Die nackten Füße von Tauks Mutter flogen über die Prärie.
☆
Rock City, Texas, vierzehn Jahre später
Von allen Freudenmädchen, die Rock City in seinen verrauchten Saloons und stinkenden Opiumhöllen zu bieten hatte, musste sich Lassiter ausgerechnet für Jasmine-Sassy entscheiden. Die junge Texanerin war für ihre lose Zunge mindestens ebenso berüchtigt wie für ihre Extravaganzen im Bett.
»Runter mit dir!«, zischte Sassy und drückte den Mann der Brigade Sieben mit Wucht in die Kissen. Sie saß auf ihrem breitschultrigen Geliebten und ritt ihn wie einen widerspenstigen Jährling. »Oder soll ich dir ein Indianermädchen rufen?«
Wäre Lassiter nicht erst in dieser Nacht von einem anstrengenden Auftrag in Fort Worth heimgekehrt, bei dem er einen Sträfling quer durch das County gejagt hatte, wäre er um eine Antwort weniger verlegen gewesen. Er hatte sich auf einige Stunden leidenschaftlicher Gesellschaft gefreut, sich jedoch stattdessen einen Wildfang eingehandelt.
»Redest du nicht mit mir?«, stachelte ihn Sassy zu einer Antwort an. Sie war bis auf einen schmalen Strumpfhalter nackt, dessen angenähte Glöckchen bei jeder Bewegung klimperten. »Du hast mich bezahlt und kriegst, was man von Jasmine-Sassy erwartet!«
Ohne auf die Erwiderung ihres Freiers zu warten, stieg Sassy von Lassiter herunter und bearbeitete seinen steifen Pint mit dem Mund weiter.
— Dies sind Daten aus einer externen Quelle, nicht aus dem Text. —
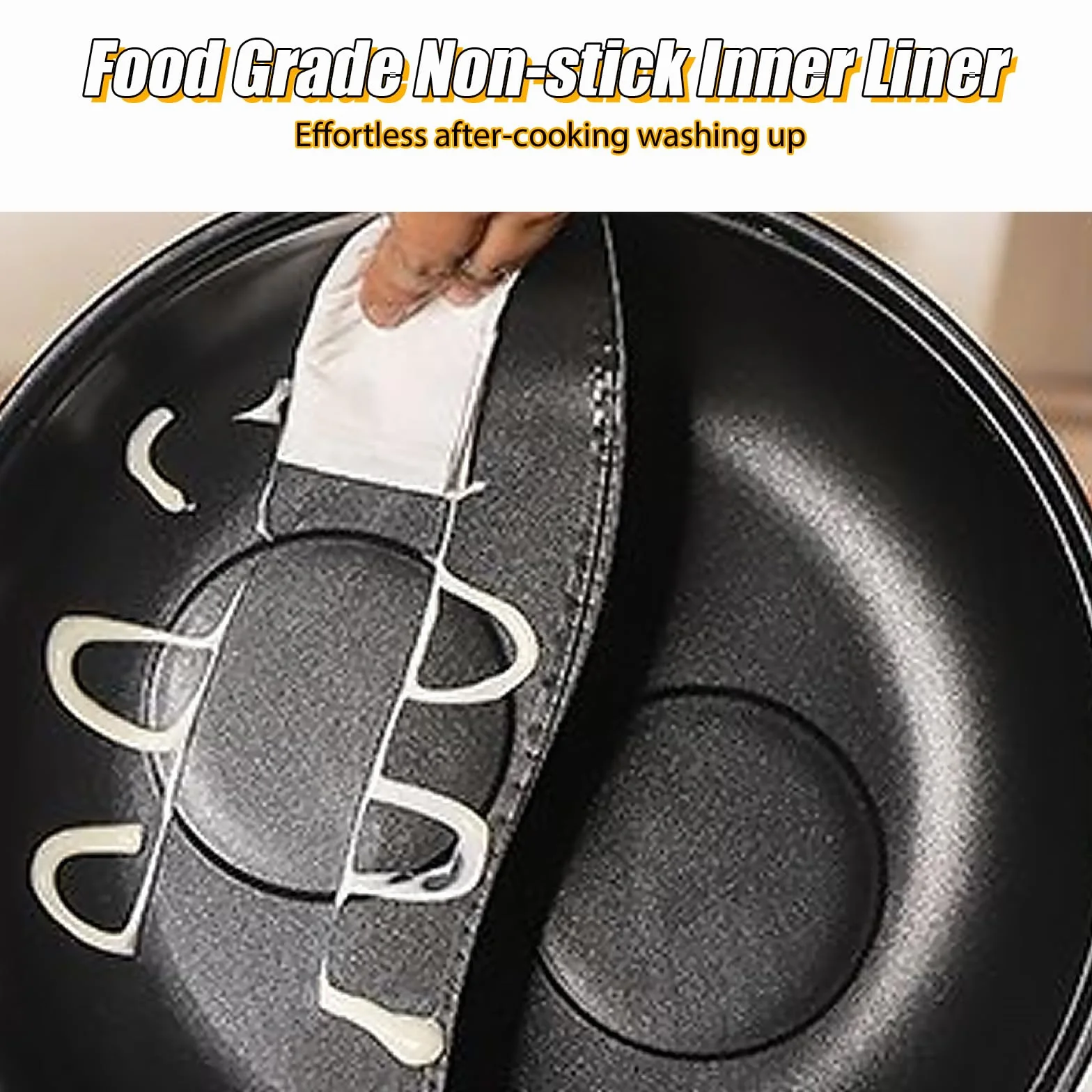Casserole électrique à 2 côtés avec deux régulateurs 5 L marmite électrique 1350 W trois réglages de puissance poêle à frire antiadhésive multifonction rapide poêle à soupe pour rôtir ramen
Unter seinem Rücken fühlte Lassiter das aufgebrochene Siegel des Telegramms, das ihm vorhin ein Kurier unmittelbar in den Canyon Saloon gebracht hatte. Er hatte es hastig gelesen, als Sassy schon im Zimmer gewesen und sich entkleidet hatte. Die Nachricht war aus dem Kriegsministerium gekommen.
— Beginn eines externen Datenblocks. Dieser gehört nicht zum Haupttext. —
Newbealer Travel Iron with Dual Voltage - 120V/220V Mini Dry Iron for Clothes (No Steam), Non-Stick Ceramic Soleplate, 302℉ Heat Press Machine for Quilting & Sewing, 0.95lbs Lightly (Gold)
»Was hast du?«, fragte Sassy und ließ einen Augenblick lang von ihm ab. Sie glitt mit ihren langen schlanken Armen an Lassiters Oberkörper hinauf. »Du scheinst dich kein bisschen um mich zu kümmern.«
Wortlos rollte sich Lassiter zur Seite, griff Sassy bei den Schultern und rang sie mit einem fordernden Kuss nieder. Das Freudenmädchen stöhnte auf und warf seinen schwarzen Haarschopf auf das Kopfkissen. Es taxierte Lassiter mit koketten Blicken und spreizte langsam die Schenkel für ihn.
»Du hast deinen Ruf, Sassy«, meinte Lassiter und betrachtete den nackten Körper vor sich. »Ich wollte dir nicht in die Quere kommen.«
»Mir in die Quere kommen?«, wiederholte Sassy und sah ihn fragend an. Sie war einen Augenblick lang sprachlos. »Du ahnst nicht, welche Männer sonst zu mir kommen.«
Ausgezehrte Rancher mussten dazugehören, dachte Lassiter, und der eine oder andere Kavalleriesoldat aus den benachbarten Forts. Diese Männer erhofften sich gewiss neben Leidenschaft auch ein Quäntchen Zärtlichkeit.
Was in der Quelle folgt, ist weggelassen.